Conversely, if concern about the government’s debt burden increases, investors might demand a higher return. Over the last few months, Sheridan said, fixed-income investors have worried less about the federal deficit and are now more anxious about the economy. Initially, many traders believed Trump would be focused on pro-growth aspects of his agenda like tax cuts and deregulation.

“I think investors were a little bit surprised the new administration is prioritizing tariffs,” he said.

A White House spokesperson said the bond market’s minor rally reflected the new administration’s efforts to restore “fiscal stability and confidence.”

“President Trump has been committed to restoring our nation’s fiscal credibility, which was undermined by the previous administration’s reckless spending,” Harrison Fields, deputy press secretary and special assistant to the president, said in a statement.

Marko Papic, chief strategist at BCA Research, said it’s wrong to suggest Trump wasn’t willing to look past equity volatility during his first term. After all, despite the president citing the stock market’s performance roughly once roughly every 35 hours throughout January 2018, per Politico, the S&P 500 eventually declined 6% that year as Trump launched a first trade war with China.

“President Trump tweets about the stock prices when they go up,” Papic said, “and he doesn’t when they go down.”

Some demographics that tend to have lower exposure to the stock market have also appeared to gravitate to Trump, who bested Harris and his own 2020 performance in November among voters without a college degree and those making less than $100,000.

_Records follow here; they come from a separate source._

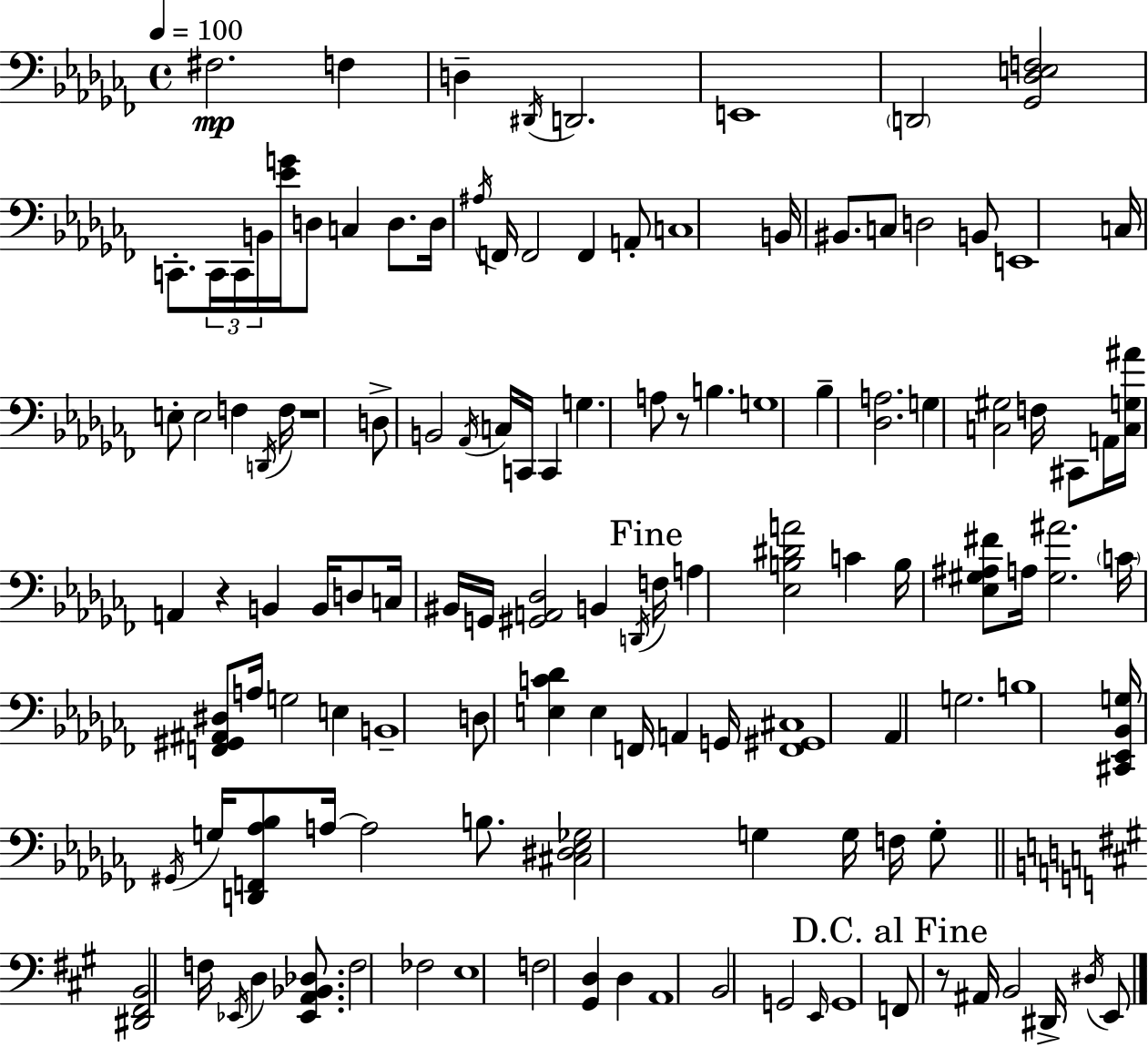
{
  \clef bass
  \time 4/4
  \defaultTimeSignature
  \key aes \minor
  \tempo 4 = 100
  fis2.\mp f4 | d4-- \acciaccatura { dis,16 } d,2. | e,1 | \parenthesize d,2 <ges, des e f>2 | \break c,8.-. \tuplet 3/2 { c,16 c,16 b,16 } <ees' g'>16 d8 c4 d8. | d16 \acciaccatura { ais16 } f,16 f,2 f,4 | a,8-. c1 | b,16 bis,8. c8 d2 | \break b,8 e,1 | c16 e8-. e2 f4 | \acciaccatura { d,16 } f16 r1 | d8-> b,2 \acciaccatura { aes,16 } c16 c,16 | \break c,4 g4. a8 r8 b4. | g1 | bes4-- <des a>2. | g4 <c gis>2 | \break f16 cis,8 a,16 <c g ais'>16 a,4 r4 b,4 | b,16 d8 c16 bis,16 g,16 <gis, a, des>2 b,4 | \acciaccatura { d,16 } \mark "Fine" f16 a4 <ees b dis' a'>2 | c'4 b16 <ees gis ais fis'>8 a16 <gis ais'>2. | \break \parenthesize c'16 <f, gis, ais, dis>8 a16 g2 | e4 b,1-- | d8 <e c' des'>4 e4 f,16 | a,4 g,16 <f, gis, cis>1 | \break aes,4 g2. | b1 | <cis, ees, bes, g>16 \acciaccatura { gis,16 } g16 <d, f, aes bes>8 a16~~ a2 | b8. <cis dis ees ges>2 g4 | \break g16 f16 g8-. \bar "||" \break \key a \major <dis, fis, b,>2 f16 \acciaccatura { ees,16 } d4 <ees, a, bes, des>8. | f2 fes2 | e1 | f2 <gis, d>4 d4 | \break a,1 | b,2 g,2 | \grace { e,16 } g,1 | \mark "D.C. al Fine" f,8 r8 ais,16 b,2 dis,16-> | \break \acciaccatura { dis16 } e,8 \bar "|."
}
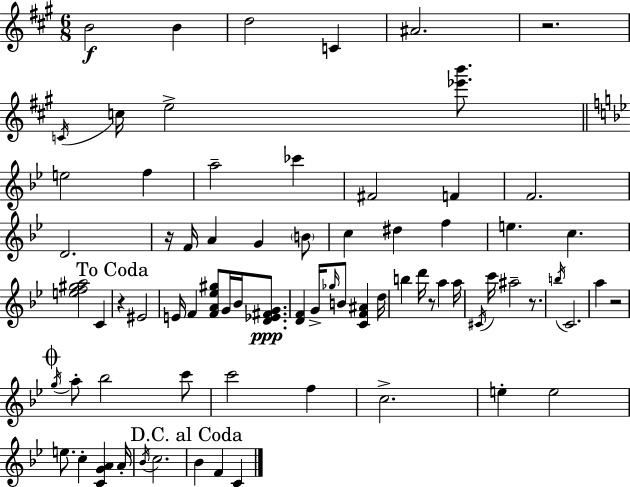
B4/h B4/q D5/h C4/q A#4/h. R/h. C4/s C5/s E5/h [Eb6,B6]/e. E5/h F5/q A5/h CES6/q F#4/h F4/q F4/h. D4/h. R/s F4/s A4/q G4/q B4/e C5/q D#5/q F5/q E5/q. C5/q. [E5,F5,G#5,A5]/h C4/q R/q EIS4/h E4/s F4/q [F4,A4,Eb5,G#5]/e G4/s Bb4/s [D4,Eb4,F#4,G4]/e. [D4,F4]/q G4/s Gb5/s B4/e [C4,F4,A#4]/q D5/s B5/q D6/s R/e A5/q A5/s C#4/s C6/s A#5/h R/e. B5/s C4/h. A5/q R/h G5/s A5/e Bb5/h C6/e C6/h F5/q C5/h. E5/q E5/h E5/e. C5/q [C4,G4,A4]/q A4/s Bb4/s C5/h. Bb4/q F4/q C4/q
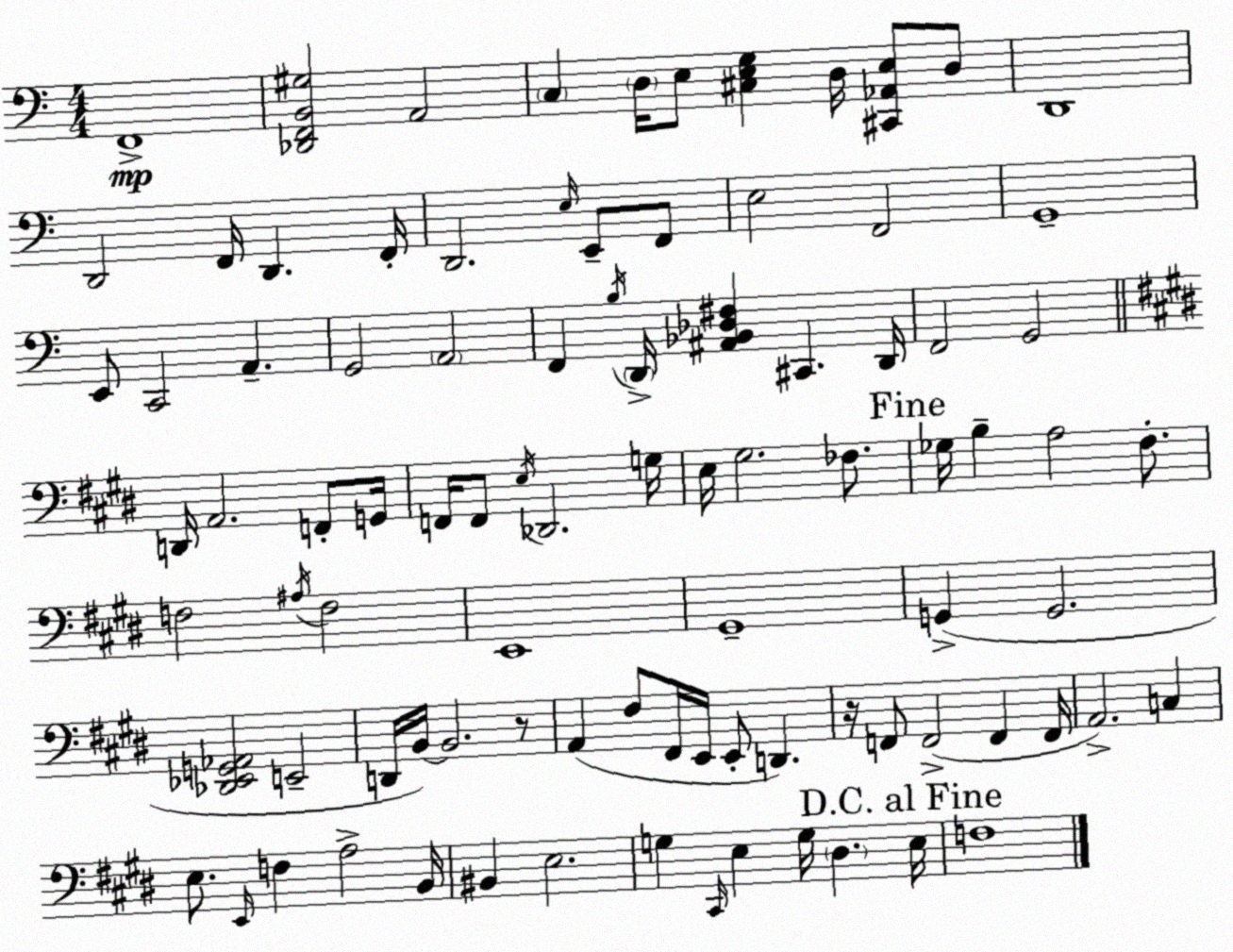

“They probably don’t care about the stock market, but they [also may not be] in the market to buy a new home,” said Tusk, who served as campaign manager for former New York City mayor Michael Bloomberg.

“But what they do do is buy groceries,” he added, “or they might want to buy a new truck.”

Auto loans aside, that’s why inflation and potential price increases from tariffs, he said, are the economic issues that loom largest.

Correction: This story was corrected to reflect that the report from Politico found President Donald Trump boasted roughly once every 35 hours during January 2018.